Extracted records:

----

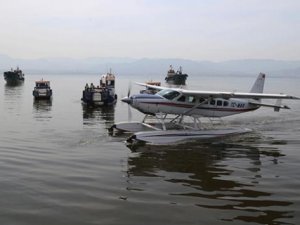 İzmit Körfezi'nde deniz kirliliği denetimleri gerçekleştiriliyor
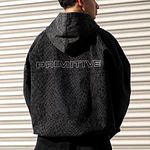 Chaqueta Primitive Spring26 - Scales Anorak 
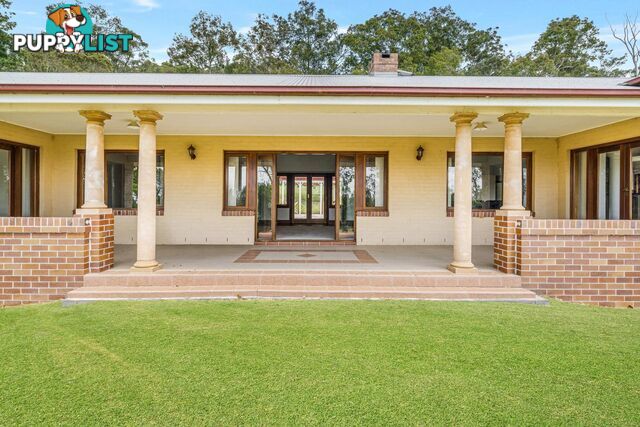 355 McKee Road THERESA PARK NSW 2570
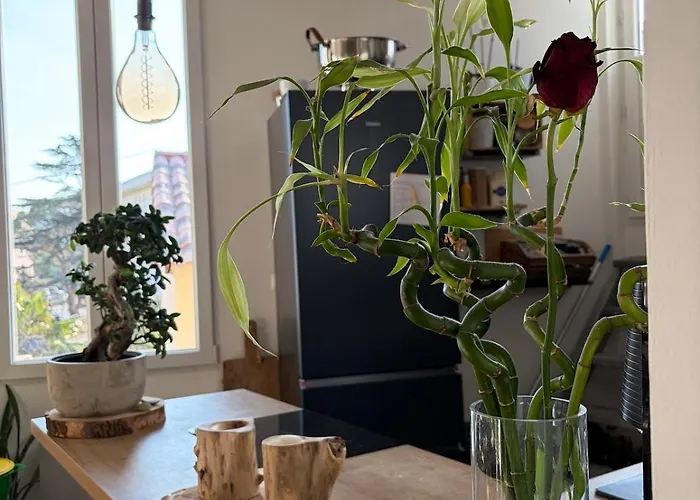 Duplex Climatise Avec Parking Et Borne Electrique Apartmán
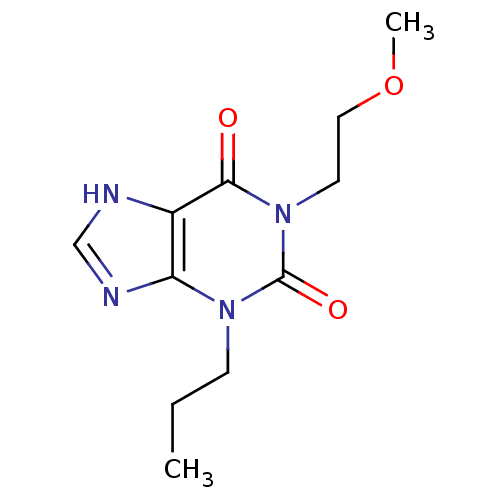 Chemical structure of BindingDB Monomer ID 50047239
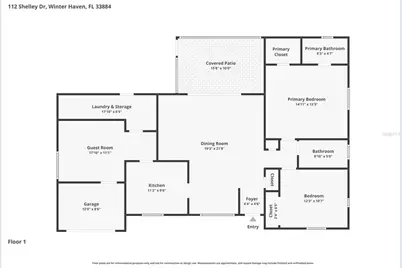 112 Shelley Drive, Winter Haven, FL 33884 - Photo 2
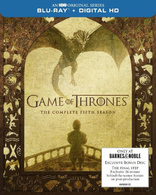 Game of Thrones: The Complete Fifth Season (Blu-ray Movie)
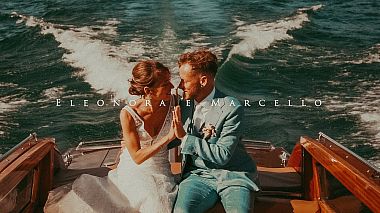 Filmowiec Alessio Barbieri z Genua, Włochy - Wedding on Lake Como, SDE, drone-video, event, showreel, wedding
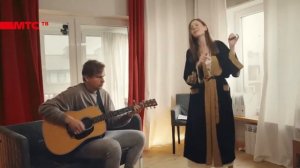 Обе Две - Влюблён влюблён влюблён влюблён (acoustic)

----

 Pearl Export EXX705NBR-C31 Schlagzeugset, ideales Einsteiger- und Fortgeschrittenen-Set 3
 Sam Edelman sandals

----

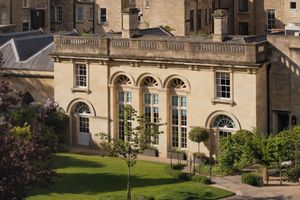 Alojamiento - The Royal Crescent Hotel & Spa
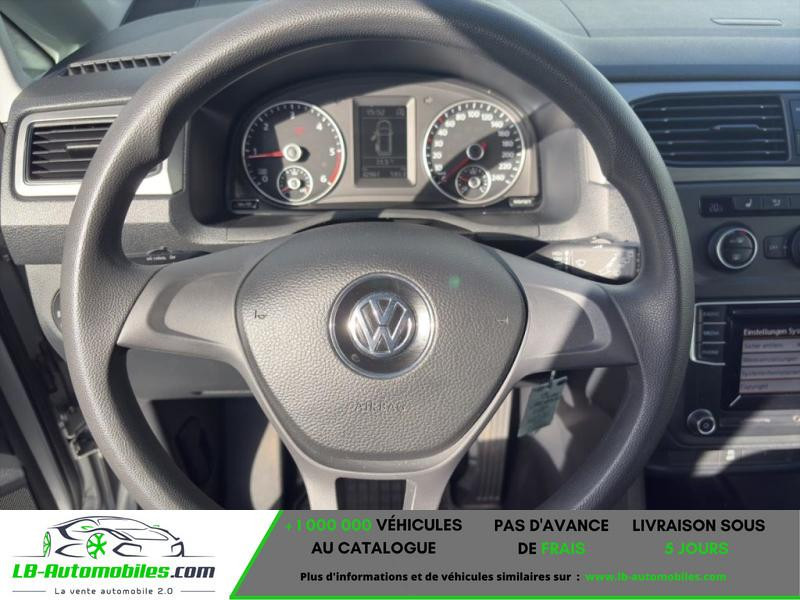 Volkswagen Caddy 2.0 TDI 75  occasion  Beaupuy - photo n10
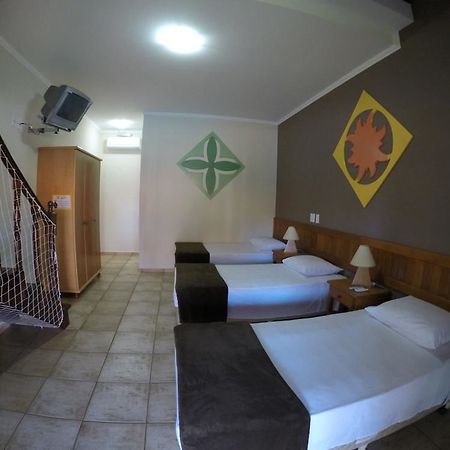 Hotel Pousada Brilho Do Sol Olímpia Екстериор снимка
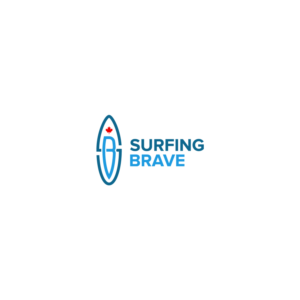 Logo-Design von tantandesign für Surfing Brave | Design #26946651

----

Your objective: Copy nothing but the lines above from the one with "Chaqueta Primitive Spring26 - Scales Anorak" to the one with "Обе Две - Влюблён", inclusive, word for word. Leave every picture out.

Solved exercise:
 Chaqueta Primitive Spring26 - Scales Anorak 
 355 McKee Road THERESA PARK NSW 2570
 Duplex Climatise Avec Parking Et Borne Electrique Apartmán
 Chemical structure of BindingDB Monomer ID 50047239
 112 Shelley Drive, Winter Haven, FL 33884 - Photo 2
 Game of Thrones: The Complete Fifth Season (Blu-ray Movie)
 Filmowiec Alessio Barbieri z Genua, Włochy - Wedding on Lake Como, SDE, drone-video, event, showreel, wedding
 Обе Две - Влюблён влюблён влюблён влюблён (acoustic)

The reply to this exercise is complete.